3) The plane “stalled,” but not in the way you think. The great impediment to accurate coverage of many airplane crashes involves the world “stall.” Its normal meaning, to 99 percent of the reading public, is that an engine has stopped or failed. Engines do sometimes fail on airplanes, and in some cases can even stall in the normal sense. But the “stalls” and “stall warning” signals mentioned in the blackbox report mean something entirely different.

An “aerodynamic stall,” which maybe is the term we should always use, involves the angle of a wing as it moves through the air. The term of art here is “angle of attack,” and it measures how sharply the wing’s edge is angled up into the oncoming wind. Bear with me for some illustrations, from this excellent explanatory site. This one shows what angle of attack means.

airFlow.jpg

The next sequence shows what a “stall” means, in aerodynamic terms. In the top illustration, the wing is almost horizontal to the oncoming wind, with a very low angle of attack. Let’s say it’s zero degrees. It produces no lift.

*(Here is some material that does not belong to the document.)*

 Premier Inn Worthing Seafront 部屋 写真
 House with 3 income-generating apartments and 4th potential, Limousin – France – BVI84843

In the middle drawing, the angle of attack is higher — let’s call it eight degrees. At this angle, wind flows over and under the wing in a way that produces more lift than at a lower angle.

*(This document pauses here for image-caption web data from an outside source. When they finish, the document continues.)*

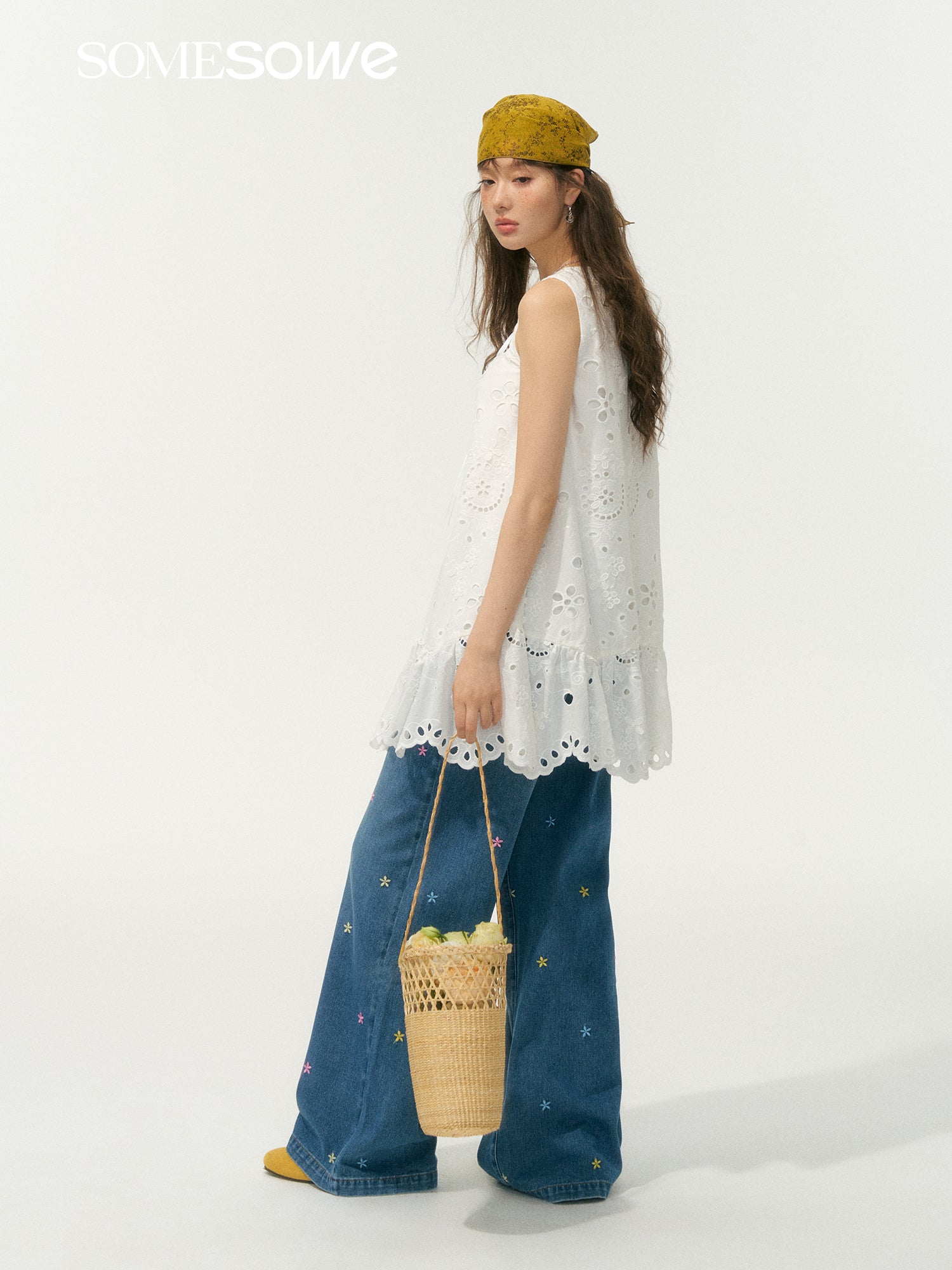 SOMESOWE S2508075 Embroidered flower straight leg jeans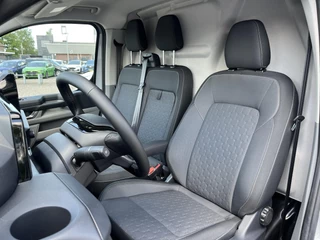Ford Transit Custom Ford Transit Custom 320 2.0 TDCI L2H1 Limited | 136pk | Trekhaak | Driver Assistance Pack Premium | Stuurwielverwarming | Stoel - Bank | Achteruitrijcamera - afbeelding nr 16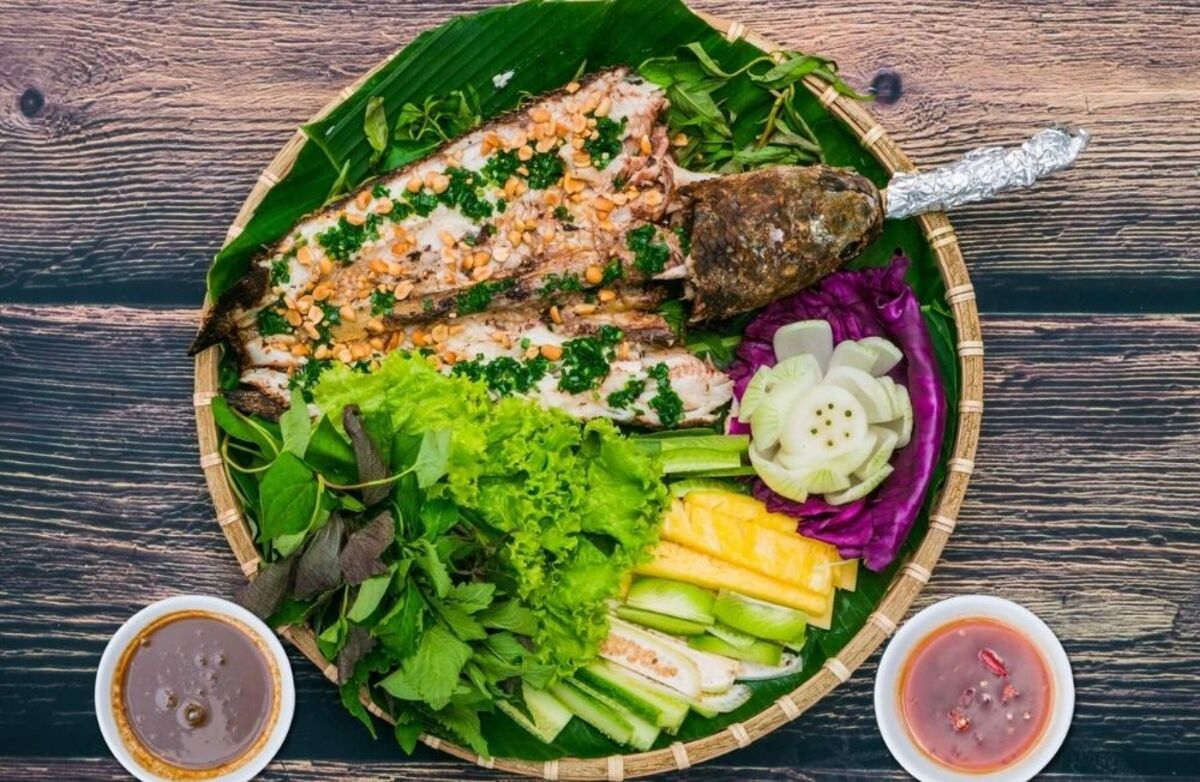 Cá lóc nướng được ăn kèm nhiều loại rau xanh mát (Nguồn: Internet)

But then look at the third illustration:
angleOfAttack.jpg

There the angle of attack is higher still — let’s say, 15 degrees. But instead of producing more lift, it produces much less. The angle the wind would have to follow across the wing is too steep. Instead the airflow is disrupted and the wing (not the engine) “stalls.”

The transition from a high angle of attack, to a too-high angle, can be fairly abrupt. You pull back on the controls, raising the nose of the plane and increasing the angle of attack. You get more lift, and more lift — and then suddenly you get dramatically less. The wings start to shudder, as they are approaching a stall and losing lift; and then, in a fully developed stall, there’s a “break” as the plane stops flying and the nose drops to point straight down to the ground. There are lots of variations involving type of plane, whether you’re in a turn, and other factors. But the main point is, an airplane “stalls” not because its engines fail but because the pilots have increased the wings’ angle of attack too much. This also means that the plane’s airspeed is too low.

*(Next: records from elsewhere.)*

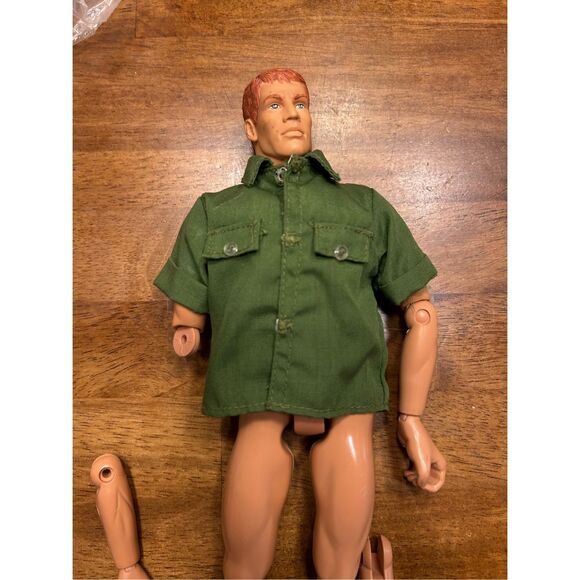 GI Joe Vintage 1996 US Army 12 inch Action Figure  arm and leg not attached no p - Picture 1 of 8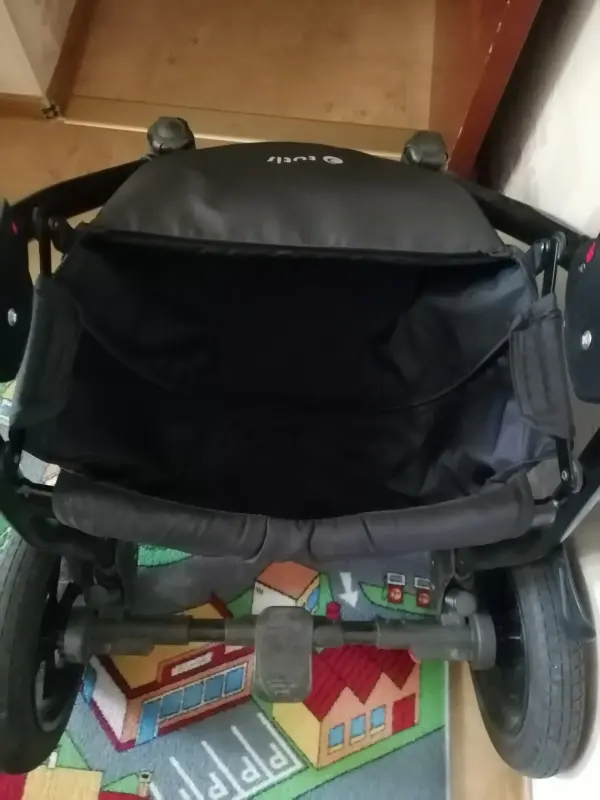 Коляска Tutis Tapu-Tapu 3 в 1. для девочки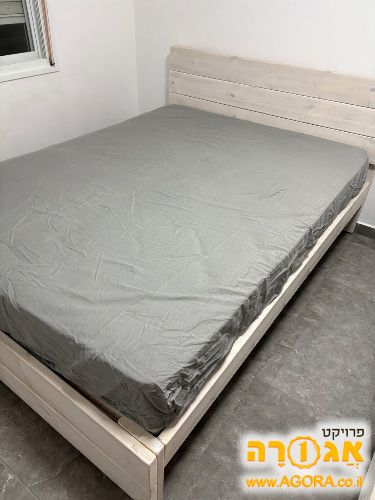 בסיס ומיטה זוגית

So when you read frequent references in the Air France report to “stall warnings” etc, they don’t mean that there was an engine problem of any sort.* They mean that, for whatever reason, all three members of a professional flight crew responded to warnings that the plane was flying too slowly/had too high an angle of attack — by deciding to pull back on the controls. Which leads to:

4) This report raises a new question. The new info from the black box concerns, among other things, the “control inputs” the pilots were applying during the last stages of the flight. What they were doing with the throttle to control power, with the ailerons (to roll right or left), with the rudder (to yaw the nose from side to side), and with the elevator (to pitch the nose up or down). Without the black box there would be no way to know those things for sure.

And the main puzzle, as several of the initial stories point out, is why a team of experienced pilots would kept pulling back on the controls, to increase the nose-up pitch, when the stall warnings were going off. This is a puzzle because being trained to do exactly the opposite is practically the foundation of learn-to-fly courses. If a plane is losing speed and threatening to stall, you recover by pointing the nose sharply down and adding power (plus other things). This reduces the angle of attack, builds air speed, and allows the wings to start providing lift once again.

Every pilot has done this in practice time and again through his or her flying career. “Stall recovery” drills are part of every basic flying curriculum, every recurrent competency drill, every bit of familiarization with a new airplane. I had not flown an airplane for several months because of my recent stay in China. So when I went out this past weekend for a recurrent-training flight, the instructor put me through a series of stall-recovery drills — exactly as I expected him to do.

Why this didn’t happen in the Air France cockpit is the next stage of the mystery to explain. There is more to say about this tragedy at some point — including the role of the pitot tubes, what auto pilots can and can’t do, and similarities to other airline disasters — but that is what I have time for now. And, of course, sympathies to all affected by the tragedy.

I’ve been stereotypically misinterpreting this for years (by imagining engines stopping, followed by a drastic nose dive). Now I won’t.

*I refer to James as Jim because I once sent him an email, and he responded and signed it “Jim”. It’s extremely impressive to me that someone with tens of thousands of blog subscribers, who probably receives dozens of emails from strangers each day, took the time to personally respond to my email (which didn’t even contain a question). Jim’s a classy guy.